Transformer-based Video Saliency Prediction with High Temporal Dimension Decoding

Morteza Moradi,Simone Palazzo,Concetto Spampinato
2024-01-16
Abstract:In recent years, finding an effective and efficient strategy for exploiting spatial and temporal information has been a hot research topic in video saliency prediction (VSP). With the emergence of spatio-temporal transformers, the weakness of the prior strategies, e.g., 3D convolutional networks and LSTM-based networks, for capturing long-range dependencies has been effectively compensated. While VSP has drawn benefits from spatio-temporal transformers, finding the most effective way for aggregating temporal features is still challenging. To address this concern, we propose a transformer-based video saliency prediction approach with high temporal dimension decoding network (THTD-Net).

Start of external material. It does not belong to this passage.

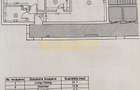 2 Camere ???? | Loc de parcare inclus | Totul nou ?Apro... - 6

This strategy accounts for the lack of complex hierarchical interactions between features that are extracted from the transformer-based spatio-temporal encoder: in particular, it does not require multiple decoders and aims at gradually reducing temporal features' dimensions in the decoder. This decoder-based architecture yields comparable performance to multi-branch and over-complicated models on common benchmarks such as DHF1K, UCF-sports and Hollywood-2.
Computer Vision and Pattern Recognition,Multimedia
What problem does this paper attempt to address?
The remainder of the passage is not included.